Inside the algarroba

We had so many different fruits that by the end I was just a teeny bit tired of eating fruit (something I never though I would say!). Don’t worry, this wore off quickly and by that evening I was chowing down on more fruit that I’d bought.

At the end of the tour, we all sat down at a juice restaurant upstairs, where we had the chance to order any variety we liked from their extensive menu. I chose borojó juice, since we hadn’t been able to taste the fruit itself.
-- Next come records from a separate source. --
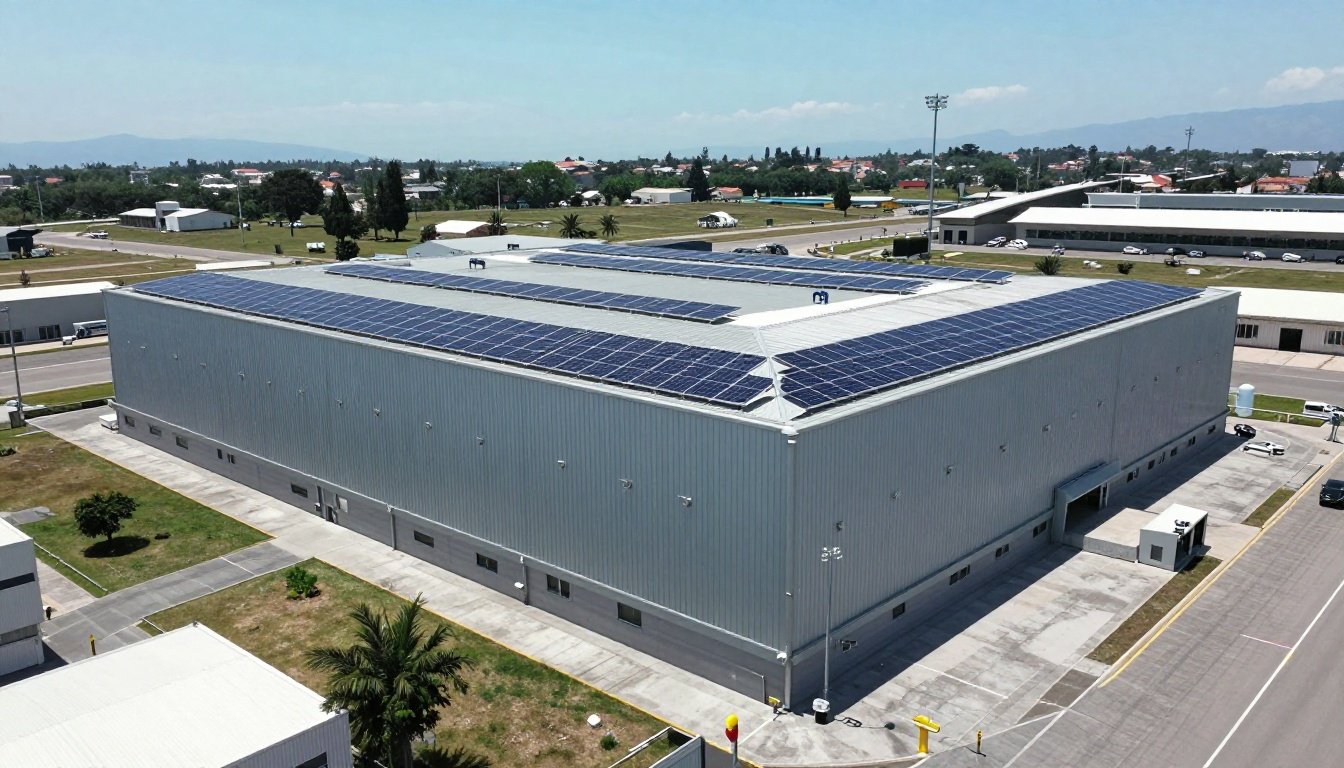 El Aeropuerto de Nápoles en Florida Adopta Energía Solar en su Nuevo Almacén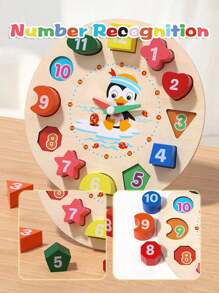 5-In-1 Wooden Toy Set: Percussion Instrument, Piano, Clock, Caterpillar, Beaded Puzzle, Music Educational Toys For Boys And Girls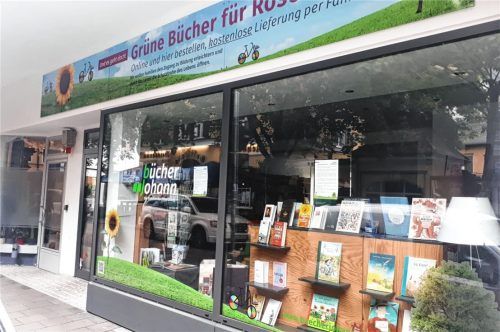 Der Buchladen „Bücher Johann“ in der Gillitzerstraße 14 schließt am heutigen Samstag. Foto Cordula Wildauer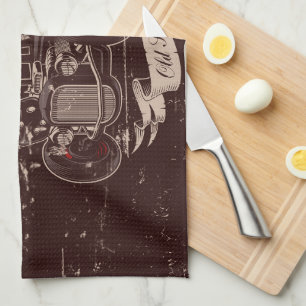 Old School Route 66 Kitchen Towel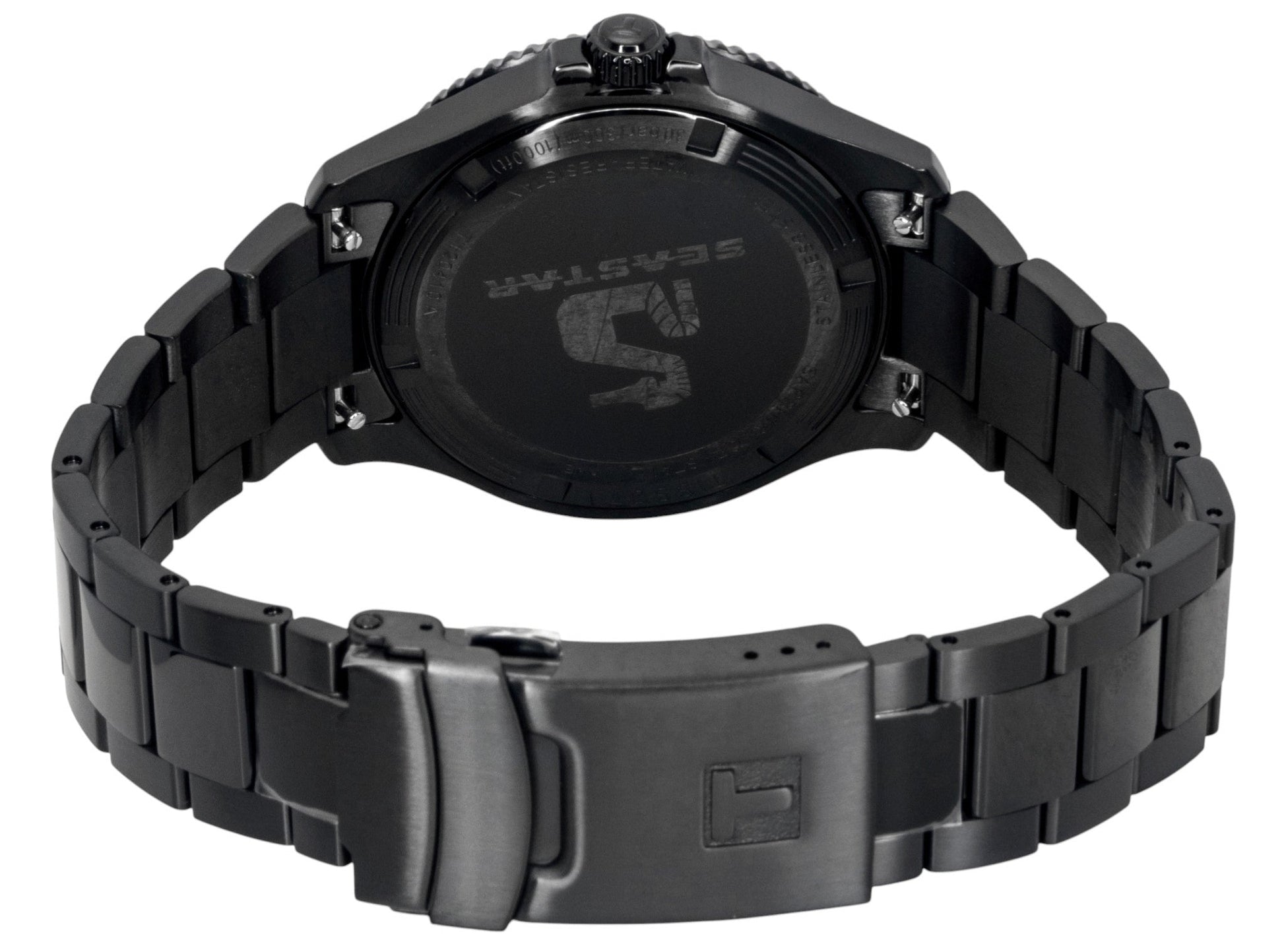 Tissot SeaStar 1000 Stainless Steel Red And Black Dial Quartz T120.410.33.421.00 300M Men's Watch - Prestige Stones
It was made with milk, and really didn’t taste like fruit juice at all but more like a delicious vanilla milkshake.

Jugo de borojó

As we were drinking our juices Diana asked us how we’d felt that day at the market, and everyone’s answers went something like “great, such a cool place, everyone was so nice!”.

She then told us that the Plaza Minorista used to be extremely dangerous – so dangerous, in fact, that people were getting murdered there nearly every day. Many citizens of Medellín were too scared to go there, and unfortunately that reputation has endured and many people still believe that it’s dangerous and stay away.

I felt totally safe on the tour, and was truly surprised to learn this. It is just another example of the incredible changes that Medellín has seen over the past decade.

Diana told us that part of the reason that Real City Tours does their exotic fruit tour there, rather than at the somewhat larger Plaza Mayorista market located in the south of the city, is that they are hoping to help change the reputation of the market and encourage more people to visit and shop there.

Overall it was a great morning, and I now feel much more prepared for my next grocery-shopping expedition. My advice: whether you are visiting or living in Medellin, if you love fruit and trying new foods, shelve your I-don’t-want-to-look-like-a-silly-tourist pride (if you have such a thing) and enjoy this fun and informative tour.